## Task to complete
Repeat exactly the lines of the entries below from the one with "European & American" through the one with "YSL Paris Baby Cabas Leather Blue", both ends included, and nothing else.

## Data to examine
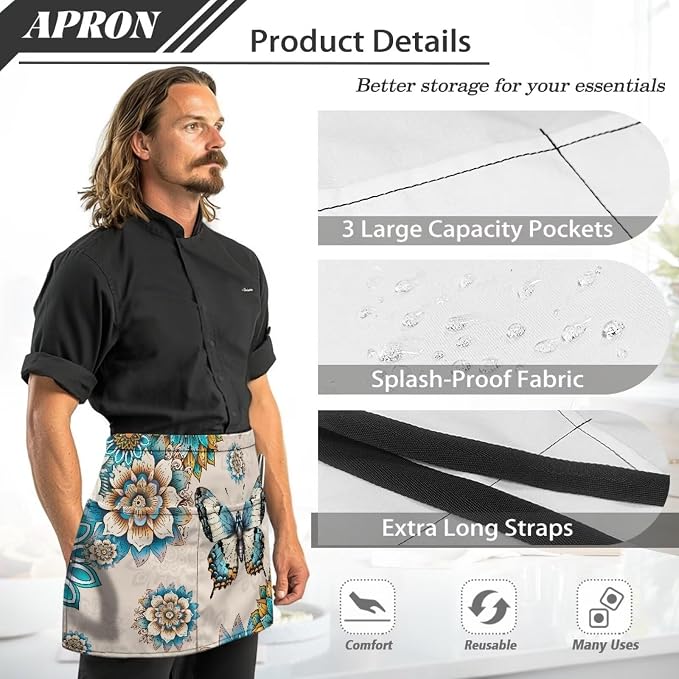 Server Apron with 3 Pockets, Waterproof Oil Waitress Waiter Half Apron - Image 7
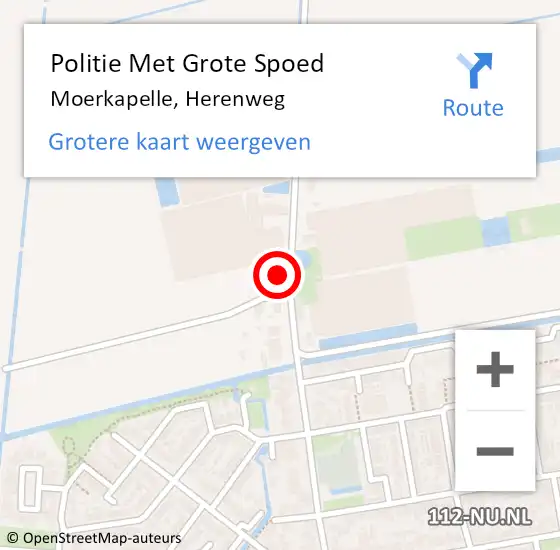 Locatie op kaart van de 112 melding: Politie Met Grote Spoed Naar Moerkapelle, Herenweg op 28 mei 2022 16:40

==

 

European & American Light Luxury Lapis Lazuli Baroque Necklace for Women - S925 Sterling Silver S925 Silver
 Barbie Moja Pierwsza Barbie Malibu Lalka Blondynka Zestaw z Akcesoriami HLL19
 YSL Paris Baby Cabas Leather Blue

--

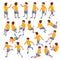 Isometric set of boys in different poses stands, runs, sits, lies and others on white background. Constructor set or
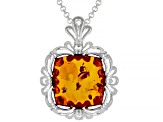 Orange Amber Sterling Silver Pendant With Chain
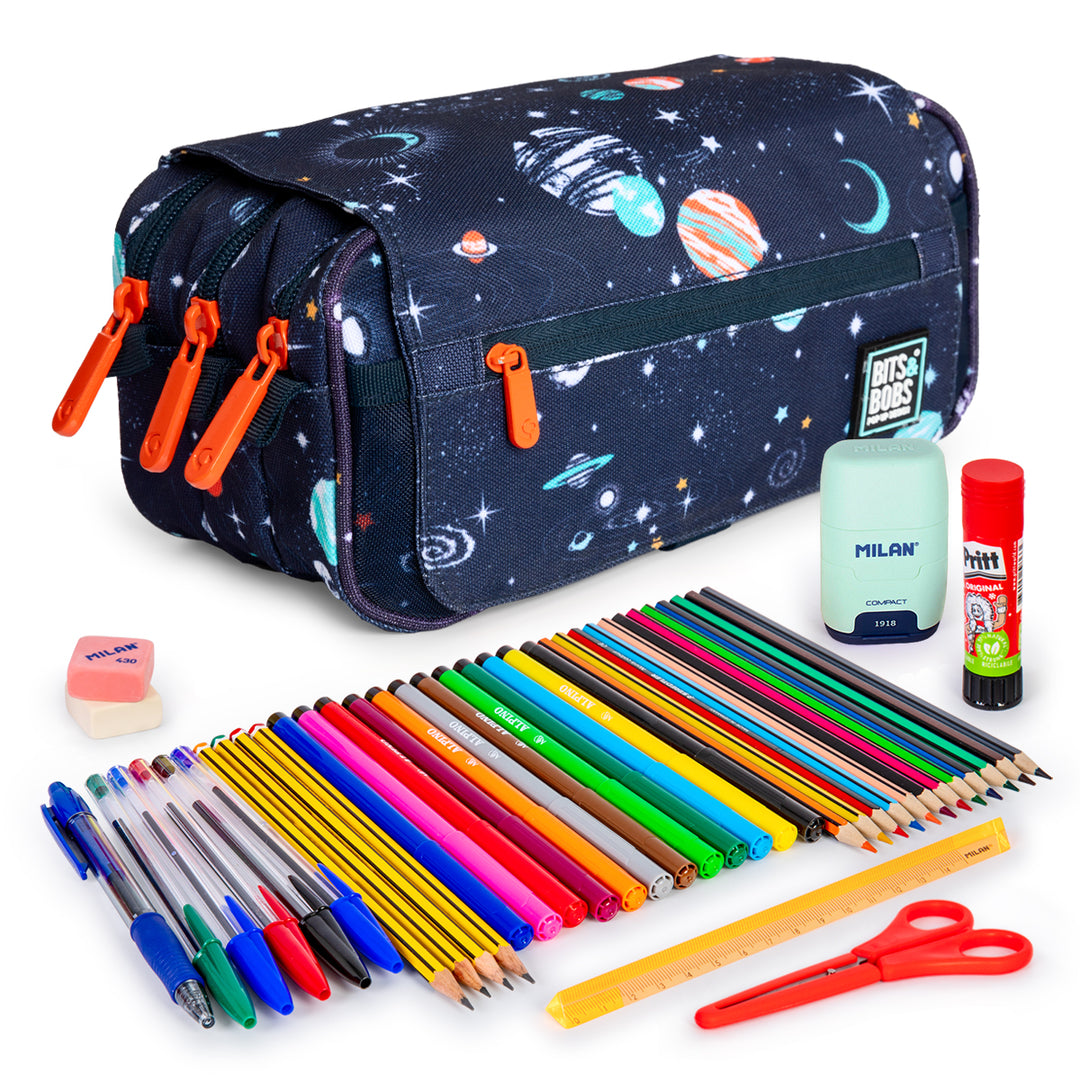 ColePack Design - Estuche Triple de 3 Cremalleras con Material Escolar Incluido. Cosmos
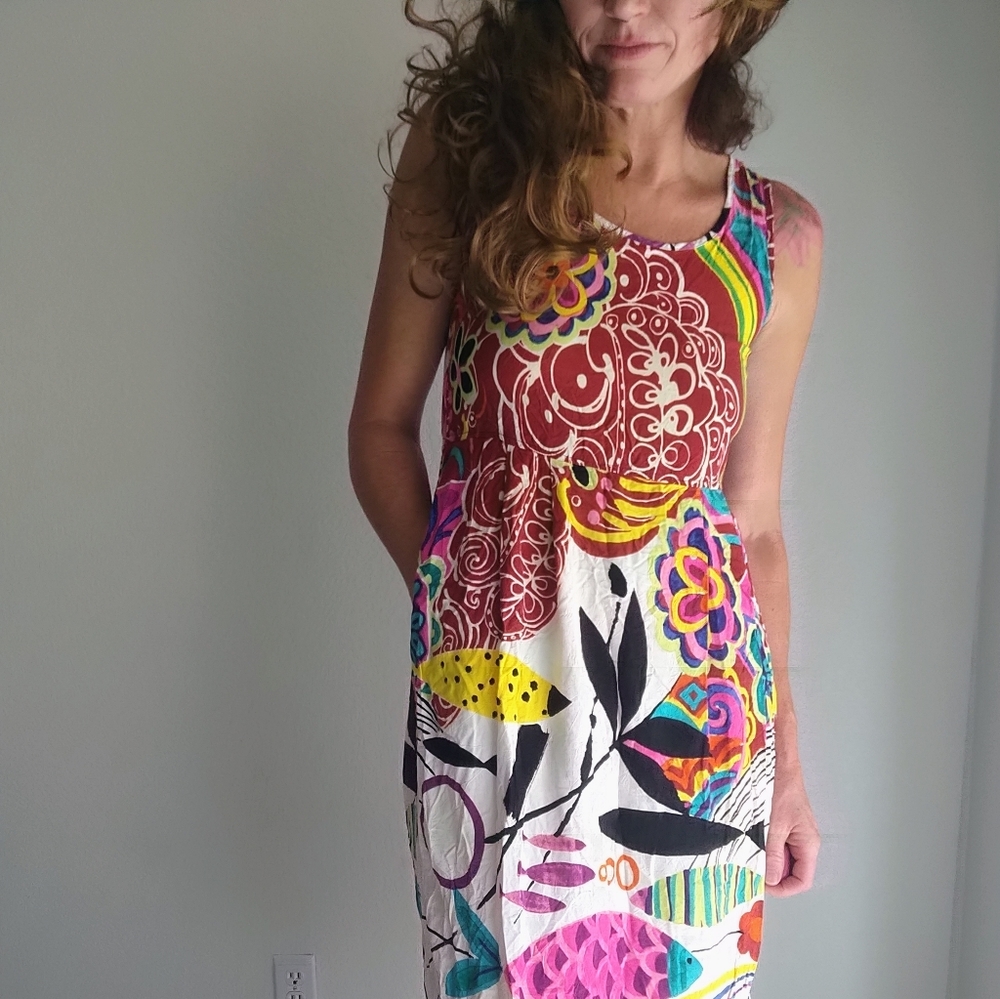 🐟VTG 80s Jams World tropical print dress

## Written response
European & American Light Luxury Lapis Lazuli Baroque Necklace for Women - S925 Sterling Silver S925 Silver
 Barbie Moja Pierwsza Barbie Malibu Lalka Blondynka Zestaw z Akcesoriami HLL19
 YSL Paris Baby Cabas Leather Blue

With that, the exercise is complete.